Un rapport publié aujourd'hui par Greenpeace expose les fraudes massives impliquant des sociétés chinoises de pêche en Afrique de l'Ouest, pêchant avec des bateaux battant pavillon chinois ou bien avec des bateaux sous sociétés mixtes.

Les informations obtenues par Greenpeace, principalement au Sénégal, en Guinée-Bissau et en République de Guinée (Conakry), montrent que la plus grande compagnie de pêche lointaine chinoise, la China National Fisheries Corporation (CNFC), ainsi que d’autres entreprises chinoises de la pêche, ont systématiquement sous-déclaré le tonnage de leurs navires de pêche depuis des années.

La sous déclaration du tonnage des navires, c’est de la pêche illégale, selon la législation des États côtiers et des Etats du pavillon impliqués, ainsi que dans les termes du Plan d'Action International pour prévenir, décourager et éliminer la pêche INN de la FAO. Selon Greenpeace, cette forme généralisée de fraude dure depuis près de 30 ans et implique des responsabilités à différents niveaux, en Chine et dans les pays côtiers concernés.

Greenpeace a calculé que, de 2000 à 2014, CNFC a sous-déclaré le tonnage de ses navires aux autorités sénégalaises de 43 % en moyenne par an, par rapport à leur tonnage réel.
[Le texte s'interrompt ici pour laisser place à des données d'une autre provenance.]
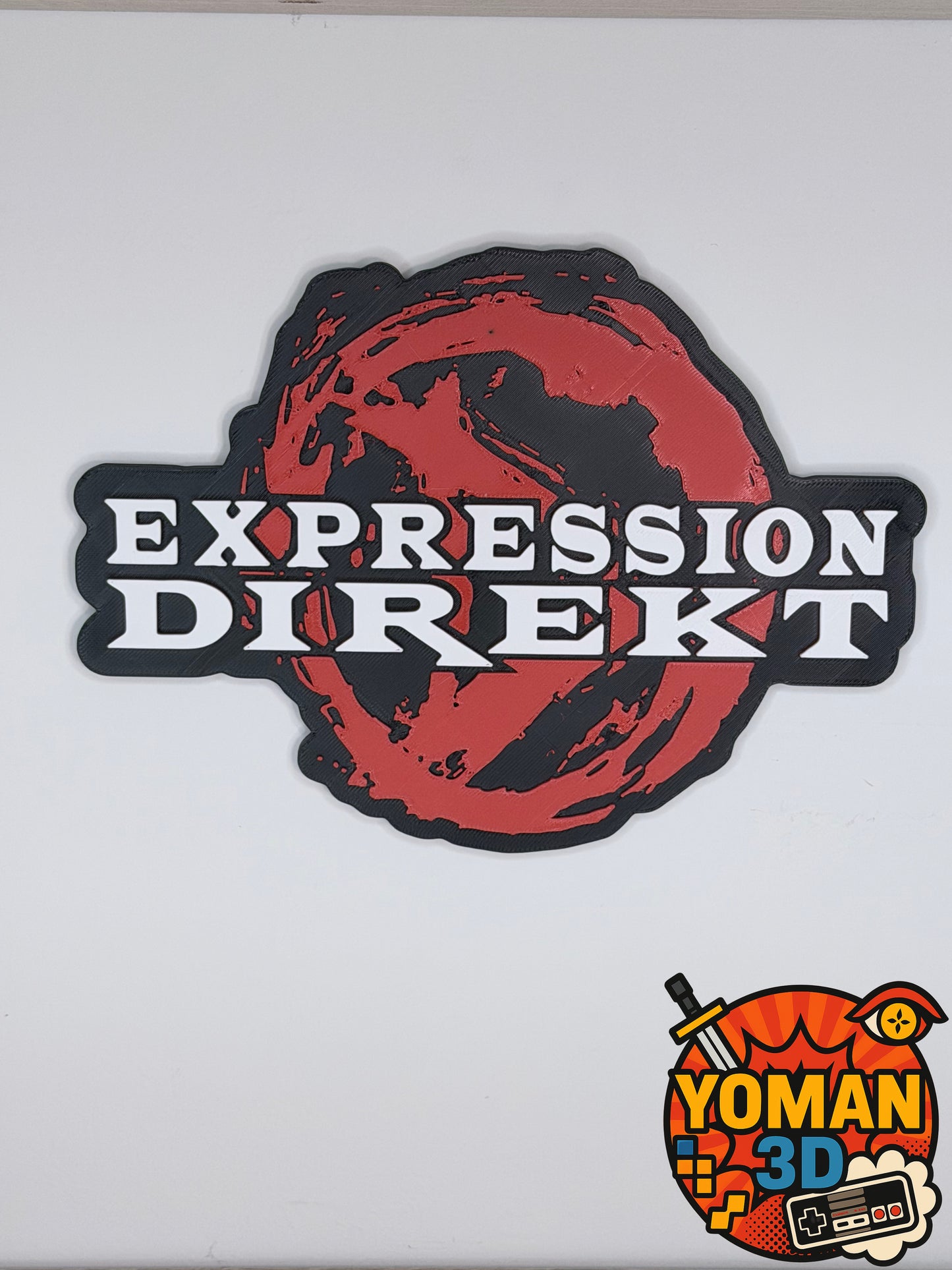 Expression Direkt – Logo rap français 90’s – 15 cm / 20 cm
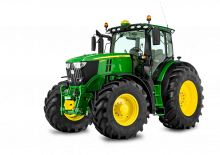 4WD traktorok John Deere 6195R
En 2014 seulement, CNFC a frauduleusement caché un total de 1742 GT.

Cette pratique frauduleuse par la compagnie CNFC s’est produite aussi en Guinée Bissau et en Guinée, et implique d'autres sociétés chinoises. Pour 59 navires de la CNFC qui pêchent au Sénégal, en Guinée-Bissau et en Guinée en 2014, les preuves trouvées montrent que le tonnage de 44 navires était sous-déclaré. Au total, c’est 6757.7 GT qui ont été cachés aux États côtiers, ce qui équivaut à 22 navires de pêche industrielle supplémentaires dans leurs eaux, d'une capacité chacun de 300 GT.

Comme les droits de licence sont calculés sur la base du tonnage des bateaux, les entreprises qui sous-déclarent le tonnage de leurs bateaux privent les gouvernements des États côtiers de revenus. Par exemple, au Sénégal, cette fraude a représenté un manque à gagner estimé pour le Sénégal à au moins 371,404,800 Francs CFA (566 203 euros) en droits de licence, que la compagnie CNFC a évité de payer au cours de la période 2000 - 2014[1].
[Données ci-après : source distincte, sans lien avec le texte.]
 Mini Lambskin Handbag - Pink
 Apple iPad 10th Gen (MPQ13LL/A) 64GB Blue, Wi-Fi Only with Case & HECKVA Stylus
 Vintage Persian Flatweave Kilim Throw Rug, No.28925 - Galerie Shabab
Cette fraude a aussi permis à ces navires industriels d'accéder aux lieux de pêche de pêcheurs artisanaux locaux où ils ne devraient pas pêcher, comme c'est le cas au Sénégal.

La fraude au tonnage signifie également que la capacité de pêche réelle déployée est beaucoup plus élevée que ce qui est autorisé, ce qui sape les efforts de gestion et de conservation des États côtiers, comme en témoigne l'accord CNFC et la Guinée-Bissau. Selon les termes et conditions prévus par l'accord de pêche signé entre la compagnie CNFC et la Guinée-Bissau en 2010, il apparaît que, dans la première moitié de 2014 seulement, la capacité de pêche réelle des navires CNFC a dépassé la limite de la capacité autorisée de 61 %.

Le degré de fraude au tonnage soulève également la question de la proportion des captures de la CNFC et des autres sociétés qui étaient illégales. Considérant que poissons pris par ces entreprises chinoises a été vendu, entre autres, sur les marchés européens, cela met en évidence les manquements dans les efforts actuels de l'UE pour arrêter le commerce du poisson venant de la pêche INN.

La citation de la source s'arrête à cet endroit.